--- Prompt ---
Write out all of the data again, exactly as it reads.

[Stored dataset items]
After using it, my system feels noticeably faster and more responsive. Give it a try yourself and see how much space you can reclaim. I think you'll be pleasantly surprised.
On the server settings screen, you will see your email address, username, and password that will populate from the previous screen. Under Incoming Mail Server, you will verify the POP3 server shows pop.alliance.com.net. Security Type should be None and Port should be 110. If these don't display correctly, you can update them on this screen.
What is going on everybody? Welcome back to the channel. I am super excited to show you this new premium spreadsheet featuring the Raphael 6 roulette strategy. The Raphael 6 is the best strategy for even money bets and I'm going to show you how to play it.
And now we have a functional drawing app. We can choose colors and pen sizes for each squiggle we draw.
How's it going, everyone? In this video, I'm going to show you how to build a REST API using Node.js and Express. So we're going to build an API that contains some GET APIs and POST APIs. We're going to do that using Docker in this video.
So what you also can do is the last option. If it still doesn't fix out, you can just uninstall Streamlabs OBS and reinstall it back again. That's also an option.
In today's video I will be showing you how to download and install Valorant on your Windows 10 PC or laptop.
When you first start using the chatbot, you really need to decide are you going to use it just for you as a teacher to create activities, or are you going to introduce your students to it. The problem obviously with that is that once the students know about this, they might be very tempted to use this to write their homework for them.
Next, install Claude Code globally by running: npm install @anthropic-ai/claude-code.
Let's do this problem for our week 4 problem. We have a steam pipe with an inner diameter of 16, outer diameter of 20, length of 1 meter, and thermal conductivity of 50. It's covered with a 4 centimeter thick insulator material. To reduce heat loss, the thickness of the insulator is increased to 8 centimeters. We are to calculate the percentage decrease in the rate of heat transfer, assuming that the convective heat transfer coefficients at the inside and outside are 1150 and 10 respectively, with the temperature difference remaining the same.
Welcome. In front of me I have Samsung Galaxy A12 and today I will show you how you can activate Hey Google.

--- Exercise solution ---
After using it, my system feels noticeably faster and more responsive. Give it a try yourself and see how much space you can reclaim. I think you'll be pleasantly surprised.
On the server settings screen, you will see your email address, username, and password that will populate from the previous screen. Under Incoming Mail Server, you will verify the POP3 server shows pop.alliance.com.net. Security Type should be None and Port should be 110. If these don't display correctly, you can update them on this screen.
What is going on everybody? Welcome back to the channel. I am super excited to show you this new premium spreadsheet featuring the Raphael 6 roulette strategy. The Raphael 6 is the best strategy for even money bets and I'm going to show you how to play it.
And now we have a functional drawing app. We can choose colors and pen sizes for each squiggle we draw.
How's it going, everyone? In this video, I'm going to show you how to build a REST API using Node.js and Express. So we're going to build an API that contains some GET APIs and POST APIs. We're going to do that using Docker in this video.
So what you also can do is the last option. If it still doesn't fix out, you can just uninstall Streamlabs OBS and reinstall it back again. That's also an option.
In today's video I will be showing you how to download and install Valorant on your Windows 10 PC or laptop.
When you first start using the chatbot, you really need to decide are you going to use it just for you as a teacher to create activities, or are you going to introduce your students to it. The problem obviously with that is that once the students know about this, they might be very tempted to use this to write their homework for them.
Next, install Claude Code globally by running: npm install @anthropic-ai/claude-code.
Let's do this problem for our week 4 problem. We have a steam pipe with an inner diameter of 16, outer diameter of 20, length of 1 meter, and thermal conductivity of 50. It's covered with a 4 centimeter thick insulator material. To reduce heat loss, the thickness of the insulator is increased to 8 centimeters. We are to calculate the percentage decrease in the rate of heat transfer, assuming that the convective heat transfer coefficients at the inside and outside are 1150 and 10 respectively, with the temperature difference remaining the same.
Welcome. In front of me I have Samsung Galaxy A12 and today I will show you how you can activate Hey Google.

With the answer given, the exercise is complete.